A $425,000 federal grant put the entire Seaman School District on that track. School Nurse Chris Tuck, RN, says a recent evaluation showed 19 percent of the school's students are at risk for being overweight. The district-wide wellness initiative includes screening kids for obesity, incorporating activities into the day, health education, family nights at the schools and follow-up with families.
"We can identify a student who's at risk," Tuck says, "but if we don't help them make a lifestyle change, they're not going to be successful."
Pediatric Hospitalist Dr. Jeffrey Colvin of Stormont-Vail HealthCare agrees its not about restrictive diets for kids.
"The whole family needs to be healthy and get involved," he said.
Colvin says a good place for families to start is to eat dinner at home to avoid the large portions and high-fat of restaurant and fast food. Next, he says to watch your grocery list. He says don't even bring soda, high-calorie juice drinks or whole milk into the home. The same goes for french fries, potato chips and other fried potato foods. To get children to eat more fruits and vegetables, Colvin says to let the child decide what they like and give it to them.
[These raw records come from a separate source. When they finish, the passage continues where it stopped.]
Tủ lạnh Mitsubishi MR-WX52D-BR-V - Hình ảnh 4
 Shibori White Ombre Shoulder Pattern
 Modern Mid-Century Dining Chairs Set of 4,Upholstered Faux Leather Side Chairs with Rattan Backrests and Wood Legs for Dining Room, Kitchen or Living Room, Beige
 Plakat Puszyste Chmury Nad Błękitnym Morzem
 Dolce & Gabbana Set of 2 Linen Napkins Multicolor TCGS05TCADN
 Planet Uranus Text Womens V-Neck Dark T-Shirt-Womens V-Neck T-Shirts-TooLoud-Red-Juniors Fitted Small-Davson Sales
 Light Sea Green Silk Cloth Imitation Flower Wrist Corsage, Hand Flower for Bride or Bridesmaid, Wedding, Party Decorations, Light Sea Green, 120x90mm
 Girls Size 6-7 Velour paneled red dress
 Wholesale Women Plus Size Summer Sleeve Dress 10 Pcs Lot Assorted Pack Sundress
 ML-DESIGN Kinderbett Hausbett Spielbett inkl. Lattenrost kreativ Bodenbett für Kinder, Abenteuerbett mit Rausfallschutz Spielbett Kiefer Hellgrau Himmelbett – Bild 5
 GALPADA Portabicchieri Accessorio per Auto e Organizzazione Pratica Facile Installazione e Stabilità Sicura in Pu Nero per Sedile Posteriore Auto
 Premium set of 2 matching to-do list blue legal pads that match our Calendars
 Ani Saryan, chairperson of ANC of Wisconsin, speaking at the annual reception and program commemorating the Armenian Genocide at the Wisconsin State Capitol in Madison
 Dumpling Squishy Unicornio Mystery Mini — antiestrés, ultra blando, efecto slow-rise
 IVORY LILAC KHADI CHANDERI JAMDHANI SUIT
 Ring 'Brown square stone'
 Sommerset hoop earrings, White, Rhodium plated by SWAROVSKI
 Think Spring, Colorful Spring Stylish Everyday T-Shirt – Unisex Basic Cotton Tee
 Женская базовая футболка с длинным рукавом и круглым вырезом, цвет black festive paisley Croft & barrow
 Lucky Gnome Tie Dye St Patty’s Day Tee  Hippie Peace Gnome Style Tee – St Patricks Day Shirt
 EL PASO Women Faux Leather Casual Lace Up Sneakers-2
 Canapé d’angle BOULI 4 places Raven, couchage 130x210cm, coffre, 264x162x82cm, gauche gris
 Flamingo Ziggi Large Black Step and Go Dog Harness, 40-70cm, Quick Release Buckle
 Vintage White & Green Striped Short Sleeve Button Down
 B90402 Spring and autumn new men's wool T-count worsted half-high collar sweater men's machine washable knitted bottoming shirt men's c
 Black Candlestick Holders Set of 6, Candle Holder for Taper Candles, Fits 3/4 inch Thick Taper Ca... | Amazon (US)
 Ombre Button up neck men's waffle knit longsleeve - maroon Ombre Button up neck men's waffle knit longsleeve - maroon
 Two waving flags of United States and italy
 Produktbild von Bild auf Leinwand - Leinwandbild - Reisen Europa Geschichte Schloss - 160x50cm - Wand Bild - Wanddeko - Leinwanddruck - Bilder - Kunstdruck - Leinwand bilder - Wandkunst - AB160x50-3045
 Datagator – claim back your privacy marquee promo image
He says even if that means eating grapes or carrots at every single meal, it's better than eating no fruits and vegetables at all.
As for activity, he says, don't think of it as exercise per se. He says you're not going to put a 10-year old on a treadmill or stair climber. Instead, he says offer up something your child wants to do. If he or she likes to dance, dance lessons are exercise.
Colvin also says it's important to set goals and help kids chart their progress. He says putting a star on a chart when a child plays outside for 30 minutes is one example. He says even walking is a place to start - anything that isn't sitting in front of a television or video game.
At Indian Creek, kids track their activity by wearing pedometers to see their steps. They also earn beads for healthy foods they eat and activity they do outside of school.
Nally says it's not about the rewards. She says the kids wouldn't do it at all if they didn't want to do it. In the process, they're getting in touch with moving ahead for a healthy life.
Colvin says rewarding kids for healthy behavior is fine, as long as the reward is not food. Instead, he suggests rewards like a special activity with a parent, or a trip to the zoo.
As for situations where a child is already overweight, Colvin says consult a doctor and/or nutritionist to find out how many calories the child should consume during the day. He says will likely be limited to three meals and two scheduled snacks.
The American Academy of Pediatrics has much more free advice for families, including free videos. You'll find that by going to www.aap.org/healthtopics/overweight.cfm
The Junior League of Topeka will be holding a community forum on childhood obesity. It's set for 11 am to 2 pm, Wednesday, April 19, at Pozez Education Center.